Internationales Programm
Studenten der Universität Regensburg haben im Rahmen einer Übung zum Filmjournalismus das Filmfest München besucht und sich individuell oder in Kleingruppen den verschiedenen Sektionen gewidmet. Einige der Texte finden hier auf critic.de ihre Publikation.
Das Angebot auf dem diesjährigen Filmfest war sowohl groß als auch breit gefächert, vor allem im internationalen Programm: Über 60 Filme aus aller Welt wurden während der acht Tage vorgestellt.
So begann es mit Terry Gilliams The Imaginarium of Doctor Parnassus – dem Eröffnungsfilm des diesjährigen Festes und der Film in dem Heath Ledger seinen letzten Auftritt hat.
Eine fantasievoll gestaltete, wenn auch teilweise etwas mit Computereffekten überladene und unfokussierte Fabel über die magische Gedankenwelt des tausend Jahre alten Doctor Parnassus, der sich mit dem Teufel auf eine fatale Wette eingelassen hat: Die Unsterblichkeit gegen Parnassus 16-jährige Tochter.
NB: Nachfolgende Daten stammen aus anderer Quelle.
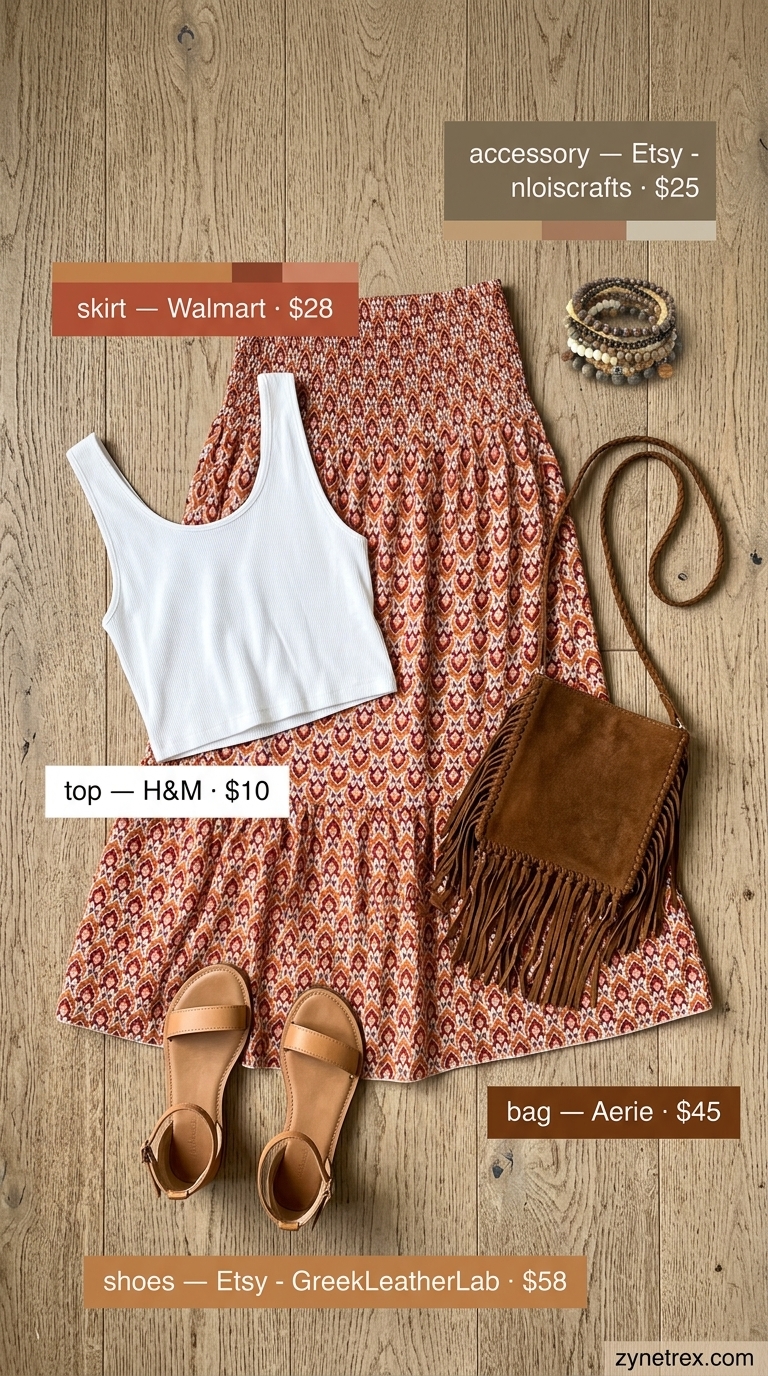 Confident curvy outfit summer for women 2026: Terracotta print maxi skirt with white crop top, flat sandals, and fringe bag.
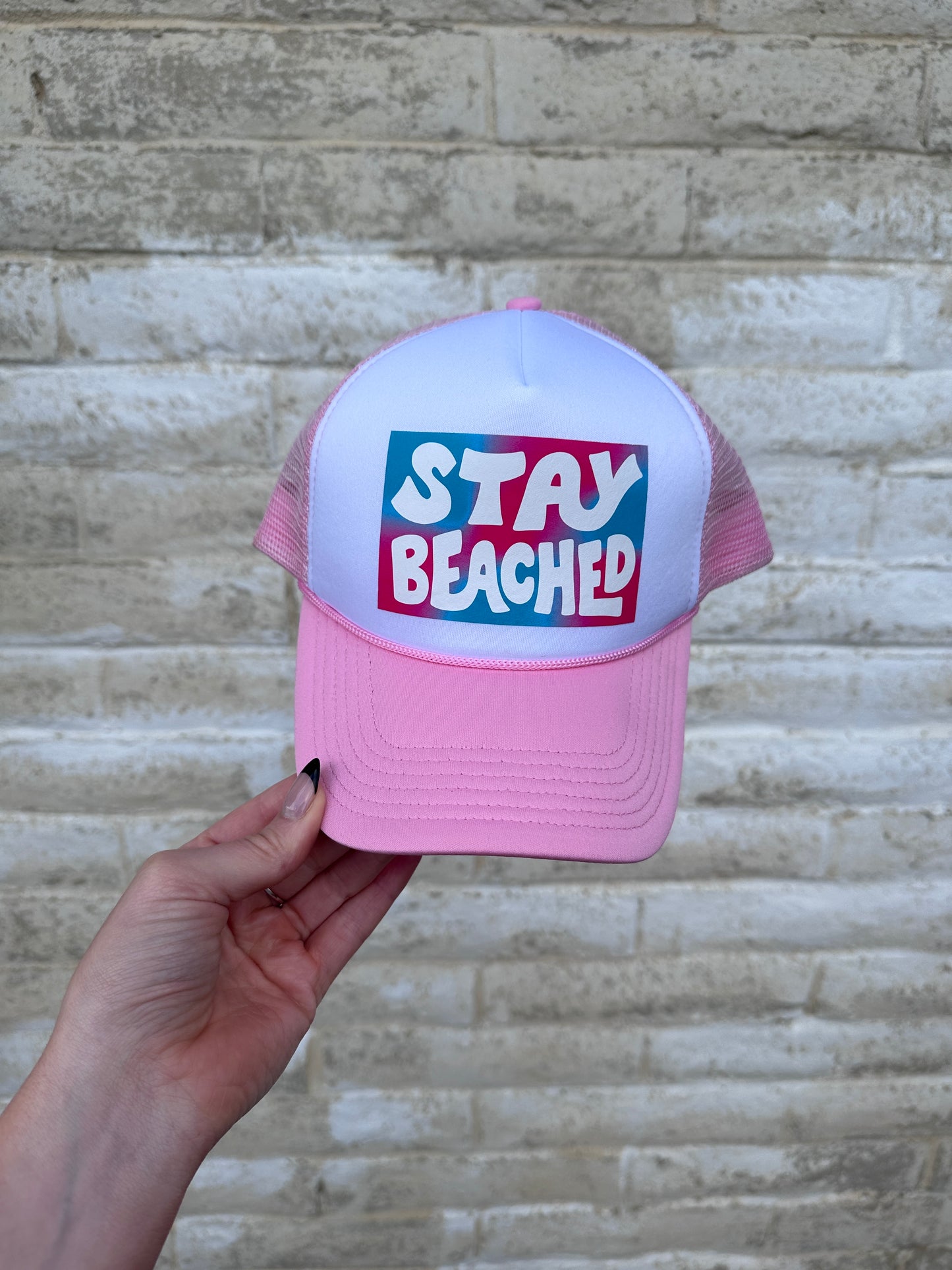 Pink “Stay Beached” Trucker Hat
So nimmt das Duell zwischen Gut und Böse seinen Lauf.
Während hier die Grenzen für den Zuschauer klar gezogen werden, verschwimmen sie bei Five Minutes of Heaven von Oliver Hirschbiegel (Der Untergang, 2004) hinsichtlich der Täter-Opfer-Frage. Ein Film über den Nordirlandkonflikt, seine Auswirkungen auf die Beteiligten und die Gegenüberstellung zweier miteinander auf fatale Weise verbundener Schicksale. Ein schlichtes Portrait eines Prozesses der Wiedergutmachung, das keine Partei einnimmt und zweitweise so authentisch ist, dass es fast dokumentarisch wirkt.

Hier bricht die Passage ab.